Start of INFORMATION SHOWN
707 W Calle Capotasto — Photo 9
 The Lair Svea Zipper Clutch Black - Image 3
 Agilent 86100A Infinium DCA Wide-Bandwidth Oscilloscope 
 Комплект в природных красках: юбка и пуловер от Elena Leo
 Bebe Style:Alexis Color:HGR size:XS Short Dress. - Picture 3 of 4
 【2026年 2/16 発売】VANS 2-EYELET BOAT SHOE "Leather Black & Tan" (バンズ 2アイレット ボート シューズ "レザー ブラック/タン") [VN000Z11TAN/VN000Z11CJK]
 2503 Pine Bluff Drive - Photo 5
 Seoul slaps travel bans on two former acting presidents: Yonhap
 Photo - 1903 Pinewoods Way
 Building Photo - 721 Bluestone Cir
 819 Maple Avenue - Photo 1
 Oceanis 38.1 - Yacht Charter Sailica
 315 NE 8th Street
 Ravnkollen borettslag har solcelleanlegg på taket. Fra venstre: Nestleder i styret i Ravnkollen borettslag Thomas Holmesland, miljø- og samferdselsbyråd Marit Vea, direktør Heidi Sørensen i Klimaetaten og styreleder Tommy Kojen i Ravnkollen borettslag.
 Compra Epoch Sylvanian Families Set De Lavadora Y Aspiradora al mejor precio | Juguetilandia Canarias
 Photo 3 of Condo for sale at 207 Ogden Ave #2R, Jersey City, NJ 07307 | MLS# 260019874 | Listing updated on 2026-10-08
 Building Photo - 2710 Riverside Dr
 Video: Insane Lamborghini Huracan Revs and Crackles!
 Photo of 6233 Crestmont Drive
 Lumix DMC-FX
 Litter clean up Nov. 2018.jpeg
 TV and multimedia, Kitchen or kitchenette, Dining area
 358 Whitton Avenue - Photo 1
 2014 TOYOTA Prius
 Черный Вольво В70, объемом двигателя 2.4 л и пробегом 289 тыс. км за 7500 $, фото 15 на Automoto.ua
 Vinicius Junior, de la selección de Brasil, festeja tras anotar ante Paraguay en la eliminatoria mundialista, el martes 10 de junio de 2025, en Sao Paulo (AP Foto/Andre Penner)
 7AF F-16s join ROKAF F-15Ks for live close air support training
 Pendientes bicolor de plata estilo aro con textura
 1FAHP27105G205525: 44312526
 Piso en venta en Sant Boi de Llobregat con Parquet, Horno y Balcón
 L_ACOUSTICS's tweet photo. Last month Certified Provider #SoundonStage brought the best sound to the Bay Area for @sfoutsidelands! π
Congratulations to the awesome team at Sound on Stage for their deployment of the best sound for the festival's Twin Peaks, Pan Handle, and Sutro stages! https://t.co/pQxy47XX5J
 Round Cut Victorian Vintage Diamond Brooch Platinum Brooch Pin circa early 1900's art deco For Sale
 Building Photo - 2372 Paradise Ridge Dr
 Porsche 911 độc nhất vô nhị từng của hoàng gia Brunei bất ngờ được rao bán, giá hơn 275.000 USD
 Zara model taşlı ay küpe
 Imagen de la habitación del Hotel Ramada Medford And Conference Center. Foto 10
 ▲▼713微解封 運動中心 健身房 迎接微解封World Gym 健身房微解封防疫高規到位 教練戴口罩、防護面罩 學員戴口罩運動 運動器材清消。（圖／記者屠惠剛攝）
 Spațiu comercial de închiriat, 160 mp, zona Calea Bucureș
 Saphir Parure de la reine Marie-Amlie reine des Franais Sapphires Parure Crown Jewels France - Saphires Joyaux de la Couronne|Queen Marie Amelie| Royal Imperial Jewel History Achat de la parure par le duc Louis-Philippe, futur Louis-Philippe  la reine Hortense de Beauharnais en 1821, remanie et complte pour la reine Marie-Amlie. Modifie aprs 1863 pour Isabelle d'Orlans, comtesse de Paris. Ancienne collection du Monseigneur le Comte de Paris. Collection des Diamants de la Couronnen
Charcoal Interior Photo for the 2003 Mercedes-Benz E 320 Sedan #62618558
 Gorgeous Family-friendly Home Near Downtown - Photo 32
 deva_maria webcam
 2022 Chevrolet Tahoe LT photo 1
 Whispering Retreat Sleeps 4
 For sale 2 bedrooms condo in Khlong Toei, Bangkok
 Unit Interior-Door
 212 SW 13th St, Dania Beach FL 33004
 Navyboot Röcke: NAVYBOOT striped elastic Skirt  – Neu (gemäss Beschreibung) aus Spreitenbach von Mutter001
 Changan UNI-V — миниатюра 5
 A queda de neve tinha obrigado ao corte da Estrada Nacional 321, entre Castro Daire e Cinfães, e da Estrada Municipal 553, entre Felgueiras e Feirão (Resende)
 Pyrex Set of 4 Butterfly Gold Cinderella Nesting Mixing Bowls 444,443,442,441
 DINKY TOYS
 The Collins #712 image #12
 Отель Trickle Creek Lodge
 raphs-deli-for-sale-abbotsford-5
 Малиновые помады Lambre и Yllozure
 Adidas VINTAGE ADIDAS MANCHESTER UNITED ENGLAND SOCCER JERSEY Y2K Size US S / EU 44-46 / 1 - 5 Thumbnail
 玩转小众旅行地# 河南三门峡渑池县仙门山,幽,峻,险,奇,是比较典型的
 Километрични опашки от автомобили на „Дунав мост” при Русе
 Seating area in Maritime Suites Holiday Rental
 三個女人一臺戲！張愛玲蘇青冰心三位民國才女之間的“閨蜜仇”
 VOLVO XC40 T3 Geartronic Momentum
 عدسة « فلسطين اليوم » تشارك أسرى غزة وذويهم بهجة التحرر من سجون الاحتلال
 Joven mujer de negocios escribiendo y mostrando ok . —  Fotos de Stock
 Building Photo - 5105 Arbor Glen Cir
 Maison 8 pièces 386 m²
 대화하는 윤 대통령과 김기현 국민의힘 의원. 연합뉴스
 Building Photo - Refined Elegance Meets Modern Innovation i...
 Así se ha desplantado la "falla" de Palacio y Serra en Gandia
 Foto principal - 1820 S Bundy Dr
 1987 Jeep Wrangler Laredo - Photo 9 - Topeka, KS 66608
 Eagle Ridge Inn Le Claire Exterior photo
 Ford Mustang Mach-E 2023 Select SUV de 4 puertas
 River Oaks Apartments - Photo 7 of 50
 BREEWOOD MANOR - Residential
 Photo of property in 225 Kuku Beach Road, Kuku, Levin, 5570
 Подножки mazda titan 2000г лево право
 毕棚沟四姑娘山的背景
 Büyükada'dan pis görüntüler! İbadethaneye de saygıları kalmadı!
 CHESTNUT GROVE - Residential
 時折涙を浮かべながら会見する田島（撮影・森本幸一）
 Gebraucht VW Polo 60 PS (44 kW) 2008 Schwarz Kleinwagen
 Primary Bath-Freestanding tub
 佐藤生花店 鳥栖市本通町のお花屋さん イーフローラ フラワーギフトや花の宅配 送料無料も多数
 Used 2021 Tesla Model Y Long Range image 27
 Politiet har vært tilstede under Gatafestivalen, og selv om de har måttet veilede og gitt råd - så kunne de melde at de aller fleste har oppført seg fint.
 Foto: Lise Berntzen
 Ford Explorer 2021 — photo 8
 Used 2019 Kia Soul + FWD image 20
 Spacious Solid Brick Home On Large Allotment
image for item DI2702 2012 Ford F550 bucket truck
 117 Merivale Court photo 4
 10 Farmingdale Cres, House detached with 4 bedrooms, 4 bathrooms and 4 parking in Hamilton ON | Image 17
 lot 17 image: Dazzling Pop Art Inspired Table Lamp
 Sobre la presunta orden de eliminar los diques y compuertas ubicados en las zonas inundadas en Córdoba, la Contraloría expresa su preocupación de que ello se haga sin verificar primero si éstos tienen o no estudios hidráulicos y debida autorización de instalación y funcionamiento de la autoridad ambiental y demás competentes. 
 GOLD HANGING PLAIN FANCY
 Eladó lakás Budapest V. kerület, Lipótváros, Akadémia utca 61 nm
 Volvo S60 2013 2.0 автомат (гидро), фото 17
End of INFORMATION SHOWN
■ **WHAT YOU SHOULD DO**: Set down every record above exactly as given.

■ **SOLUTION TO THIS EXERCISE**:
707 W Calle Capotasto — Photo 9
 The Lair Svea Zipper Clutch Black - Image 3
 Agilent 86100A Infinium DCA Wide-Bandwidth Oscilloscope 
 Комплект в природных красках: юбка и пуловер от Elena Leo
 Bebe Style:Alexis Color:HGR size:XS Short Dress. - Picture 3 of 4
 【2026年 2/16 発売】VANS 2-EYELET BOAT SHOE "Leather Black & Tan" (バンズ 2アイレット ボート シューズ "レザー ブラック/タン") [VN000Z11TAN/VN000Z11CJK]
 2503 Pine Bluff Drive - Photo 5
 Seoul slaps travel bans on two former acting presidents: Yonhap
 Photo - 1903 Pinewoods Way
 Building Photo - 721 Bluestone Cir
 819 Maple Avenue - Photo 1
 Oceanis 38.1 - Yacht Charter Sailica
 315 NE 8th Street
 Ravnkollen borettslag har solcelleanlegg på taket. Fra venstre: Nestleder i styret i Ravnkollen borettslag Thomas Holmesland, miljø- og samferdselsbyråd Marit Vea, direktør Heidi Sørensen i Klimaetaten og styreleder Tommy Kojen i Ravnkollen borettslag.
 Compra Epoch Sylvanian Families Set De Lavadora Y Aspiradora al mejor precio | Juguetilandia Canarias
 Photo 3 of Condo for sale at 207 Ogden Ave #2R, Jersey City, NJ 07307 | MLS# 260019874 | Listing updated on 2026-10-08
 Building Photo - 2710 Riverside Dr
 Video: Insane Lamborghini Huracan Revs and Crackles!
 Photo of 6233 Crestmont Drive
 Lumix DMC-FX
 Litter clean up Nov. 2018.jpeg
 TV and multimedia, Kitchen or kitchenette, Dining area
 358 Whitton Avenue - Photo 1
 2014 TOYOTA Prius
 Черный Вольво В70, объемом двигателя 2.4 л и пробегом 289 тыс. км за 7500 $, фото 15 на Automoto.ua
 Vinicius Junior, de la selección de Brasil, festeja tras anotar ante Paraguay en la eliminatoria mundialista, el martes 10 de junio de 2025, en Sao Paulo (AP Foto/Andre Penner)
 7AF F-16s join ROKAF F-15Ks for live close air support training
 Pendientes bicolor de plata estilo aro con textura
 1FAHP27105G205525: 44312526
 Piso en venta en Sant Boi de Llobregat con Parquet, Horno y Balcón
 L_ACOUSTICS's tweet photo. Last month Certified Provider #SoundonStage brought the best sound to the Bay Area for @sfoutsidelands! π
Congratulations to the awesome team at Sound on Stage for their deployment of the best sound for the festival's Twin Peaks, Pan Handle, and Sutro stages! https://t.co/pQxy47XX5J
 Round Cut Victorian Vintage Diamond Brooch Platinum Brooch Pin circa early 1900's art deco For Sale
 Building Photo - 2372 Paradise Ridge Dr
 Porsche 911 độc nhất vô nhị từng của hoàng gia Brunei bất ngờ được rao bán, giá hơn 275.000 USD
 Zara model taşlı ay küpe
 Imagen de la habitación del Hotel Ramada Medford And Conference Center. Foto 10
 ▲▼713微解封 運動中心 健身房 迎接微解封World Gym 健身房微解封防疫高規到位 教練戴口罩、防護面罩 學員戴口罩運動 運動器材清消。（圖／記者屠惠剛攝）
 Spațiu comercial de închiriat, 160 mp, zona Calea Bucureș
 Saphir Parure de la reine Marie-Amlie reine des Franais Sapphires Parure Crown Jewels France - Saphires Joyaux de la Couronne|Queen Marie Amelie| Royal Imperial Jewel History Achat de la parure par le duc Louis-Philippe, futur Louis-Philippe  la reine Hortense de Beauharnais en 1821, remanie et complte pour la reine Marie-Amlie. Modifie aprs 1863 pour Isabelle d'Orlans, comtesse de Paris. Ancienne collection du Monseigneur le Comte de Paris. Collection des Diamants de la Couronnen
Charcoal Interior Photo for the 2003 Mercedes-Benz E 320 Sedan #62618558
 Gorgeous Family-friendly Home Near Downtown - Photo 32
 deva_maria webcam
 2022 Chevrolet Tahoe LT photo 1
 Whispering Retreat Sleeps 4
 For sale 2 bedrooms condo in Khlong Toei, Bangkok
 Unit Interior-Door
 212 SW 13th St, Dania Beach FL 33004
 Navyboot Röcke: NAVYBOOT striped elastic Skirt  – Neu (gemäss Beschreibung) aus Spreitenbach von Mutter001
 Changan UNI-V — миниатюра 5
 A queda de neve tinha obrigado ao corte da Estrada Nacional 321, entre Castro Daire e Cinfães, e da Estrada Municipal 553, entre Felgueiras e Feirão (Resende)
 Pyrex Set of 4 Butterfly Gold Cinderella Nesting Mixing Bowls 444,443,442,441
 DINKY TOYS
 The Collins #712 image #12
 Отель Trickle Creek Lodge
 raphs-deli-for-sale-abbotsford-5
 Малиновые помады Lambre и Yllozure
 Adidas VINTAGE ADIDAS MANCHESTER UNITED ENGLAND SOCCER JERSEY Y2K Size US S / EU 44-46 / 1 - 5 Thumbnail
 玩转小众旅行地# 河南三门峡渑池县仙门山,幽,峻,险,奇,是比较典型的
 Километрични опашки от автомобили на „Дунав мост” при Русе
 Seating area in Maritime Suites Holiday Rental
 三個女人一臺戲！張愛玲蘇青冰心三位民國才女之間的“閨蜜仇”
 VOLVO XC40 T3 Geartronic Momentum
 عدسة « فلسطين اليوم » تشارك أسرى غزة وذويهم بهجة التحرر من سجون الاحتلال
 Joven mujer de negocios escribiendo y mostrando ok . —  Fotos de Stock
 Building Photo - 5105 Arbor Glen Cir
 Maison 8 pièces 386 m²
 대화하는 윤 대통령과 김기현 국민의힘 의원. 연합뉴스
 Building Photo - Refined Elegance Meets Modern Innovation i...
 Así se ha desplantado la "falla" de Palacio y Serra en Gandia
 Foto principal - 1820 S Bundy Dr
 1987 Jeep Wrangler Laredo - Photo 9 - Topeka, KS 66608
 Eagle Ridge Inn Le Claire Exterior photo
 Ford Mustang Mach-E 2023 Select SUV de 4 puertas
 River Oaks Apartments - Photo 7 of 50
 BREEWOOD MANOR - Residential
 Photo of property in 225 Kuku Beach Road, Kuku, Levin, 5570
 Подножки mazda titan 2000г лево право
 毕棚沟四姑娘山的背景
 Büyükada'dan pis görüntüler! İbadethaneye de saygıları kalmadı!
 CHESTNUT GROVE - Residential
 時折涙を浮かべながら会見する田島（撮影・森本幸一）
 Gebraucht VW Polo 60 PS (44 kW) 2008 Schwarz Kleinwagen
 Primary Bath-Freestanding tub
 佐藤生花店 鳥栖市本通町のお花屋さん イーフローラ フラワーギフトや花の宅配 送料無料も多数
 Used 2021 Tesla Model Y Long Range image 27
 Politiet har vært tilstede under Gatafestivalen, og selv om de har måttet veilede og gitt råd - så kunne de melde at de aller fleste har oppført seg fint.
 Foto: Lise Berntzen
 Ford Explorer 2021 — photo 8
 Used 2019 Kia Soul + FWD image 20
 Spacious Solid Brick Home On Large Allotment
image for item DI2702 2012 Ford F550 bucket truck
 117 Merivale Court photo 4
 10 Farmingdale Cres, House detached with 4 bedrooms, 4 bathrooms and 4 parking in Hamilton ON | Image 17
 lot 17 image: Dazzling Pop Art Inspired Table Lamp
 Sobre la presunta orden de eliminar los diques y compuertas ubicados en las zonas inundadas en Córdoba, la Contraloría expresa su preocupación de que ello se haga sin verificar primero si éstos tienen o no estudios hidráulicos y debida autorización de instalación y funcionamiento de la autoridad ambiental y demás competentes. 
 GOLD HANGING PLAIN FANCY
 Eladó lakás Budapest V. kerület, Lipótváros, Akadémia utca 61 nm
 Volvo S60 2013 2.0 автомат (гидро), фото 17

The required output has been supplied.